# AIM OF THE EXERCISE
From the entries that follow, copy each line containing the word "Mercedes".

[Stored items]
=== Begin Enclosure ===

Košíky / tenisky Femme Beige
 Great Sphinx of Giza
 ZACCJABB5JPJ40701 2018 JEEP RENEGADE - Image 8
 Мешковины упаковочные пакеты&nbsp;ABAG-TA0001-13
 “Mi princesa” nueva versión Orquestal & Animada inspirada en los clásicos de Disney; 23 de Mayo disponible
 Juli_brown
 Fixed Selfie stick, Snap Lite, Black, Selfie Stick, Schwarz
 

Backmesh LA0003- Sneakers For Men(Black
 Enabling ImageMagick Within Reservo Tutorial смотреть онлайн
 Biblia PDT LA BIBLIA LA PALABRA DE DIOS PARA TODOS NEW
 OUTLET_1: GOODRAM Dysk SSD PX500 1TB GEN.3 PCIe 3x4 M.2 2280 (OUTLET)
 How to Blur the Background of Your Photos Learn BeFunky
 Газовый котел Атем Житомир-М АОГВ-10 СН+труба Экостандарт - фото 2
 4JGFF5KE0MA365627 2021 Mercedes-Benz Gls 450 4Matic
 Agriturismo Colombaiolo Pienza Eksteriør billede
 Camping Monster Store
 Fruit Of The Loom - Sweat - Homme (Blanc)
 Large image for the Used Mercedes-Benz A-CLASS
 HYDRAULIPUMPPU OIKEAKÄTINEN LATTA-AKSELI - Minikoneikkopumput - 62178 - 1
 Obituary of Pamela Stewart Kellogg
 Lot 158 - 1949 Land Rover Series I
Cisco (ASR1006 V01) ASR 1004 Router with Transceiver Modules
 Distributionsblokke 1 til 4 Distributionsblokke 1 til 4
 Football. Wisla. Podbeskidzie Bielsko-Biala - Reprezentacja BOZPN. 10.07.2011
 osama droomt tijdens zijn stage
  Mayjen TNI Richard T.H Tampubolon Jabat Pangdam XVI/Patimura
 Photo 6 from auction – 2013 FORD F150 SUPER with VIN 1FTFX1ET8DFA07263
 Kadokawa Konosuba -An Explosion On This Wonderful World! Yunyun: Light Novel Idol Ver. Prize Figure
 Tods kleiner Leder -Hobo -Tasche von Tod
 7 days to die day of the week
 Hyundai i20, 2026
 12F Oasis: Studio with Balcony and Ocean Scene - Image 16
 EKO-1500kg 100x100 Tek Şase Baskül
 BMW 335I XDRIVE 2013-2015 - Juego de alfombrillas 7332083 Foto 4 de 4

=== End Enclosure ===

# ANSWER TO THE EXERCISE
 4JGFF5KE0MA365627 2021 Mercedes-Benz Gls 450 4Matic
 Large image for the Used Mercedes-Benz A-CLASS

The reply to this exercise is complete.